Florence Tan (, born 30 June 1977) is a Malaysian actress based in Singapore. She was prominently a full-time Mediacorp artiste from 1997 to 2006 and managed by Lafeng Entertainment but continues to film on an ad-hoc basis. She left Mediacorp in 2006 to expand her career in China and Asia.

Career
Tan joined the TCS (predecessor of MediaCorp) after winning the gender category in the Star Search 1997. She made her debut in Immortal Love, opposite veterans such as Chew Chor Meng, Pan Lingling and Xiang Yun.
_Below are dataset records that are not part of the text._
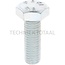 GRANIT Hexagon head bolt M10x30 DIN 933 - 100 pcs.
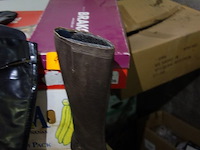 1 paar bruine lederen laarzen - maat 36 - afbeelding 1 van  1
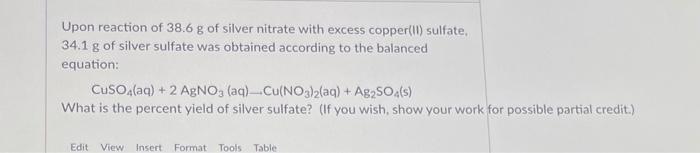 Solved Silver ions can be precipitated from aqueous | Chegg.com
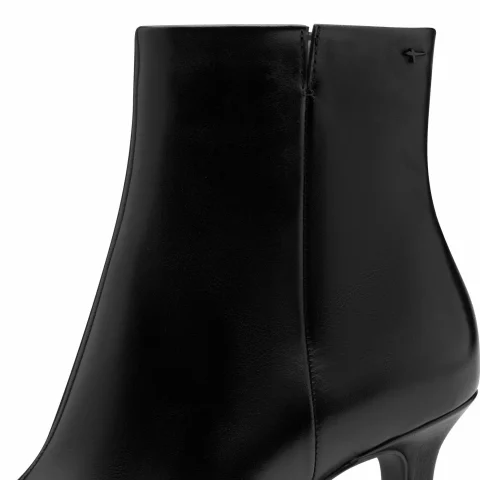 Дамски Боти На Ток TAMARIS – 1-25358-45-003 BLACK LEATHER — снимка 4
In 1998, she was cast in the popular "wuxia" drama series The Return of the Condor Heroes (Singaporean TV series) and went on to act in several period dramas such as "The Legendary Swordsman" and The Heaven Sword and Dragon Saber (2003 TV series). Her last drama with Mediacorp was Zero to Hero 2005.

In 2006, after getting married, Tan subsequently left the industry. She relaunched her career in China after signing with Lafeng Entertainment in 2011 and earned high praise for her role as a scheming concubine in Mystery in the Palace (深宫諜影).

She returned to Singapore and made a cameo appearance in the 2012 anniversary drama Joys of Life as the dead wife of Zhao Dagou, played by former co-star Chew Chor Meng in a flashback.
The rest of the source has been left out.